• [What the exercise asks]: Your task is to reproduce the listing exactly, without its images.

• [Raw data]:
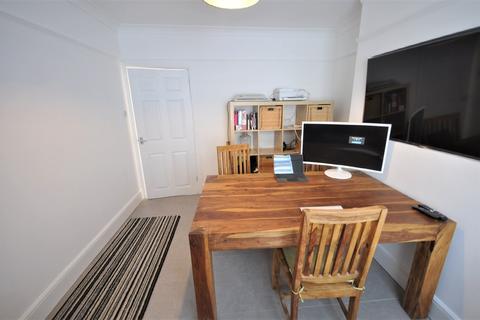 37 Fieldside, Thorne, Doncaster, DN8 4AD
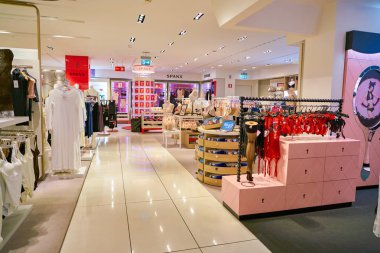 Milan, İtalya - Kasım, 2017 yaklaşık: çeşitli Rinascente ekranda iç çamaşırı. Rinascente yüksek kaliteli mağazaları oluşur.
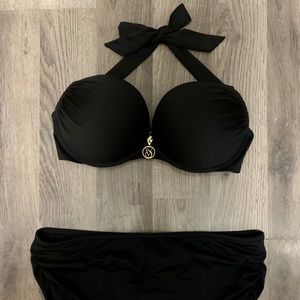 Bombshell Bikini 34D M skirt bottoms NWT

• [Response to the task]:
 37 Fieldside, Thorne, Doncaster, DN8 4AD
 Milan, İtalya - Kasım, 2017 yaklaşık: çeşitli Rinascente ekranda iç çamaşırı. Rinascente yüksek kaliteli mağazaları oluşur.
 Bombshell Bikini 34D M skirt bottoms NWT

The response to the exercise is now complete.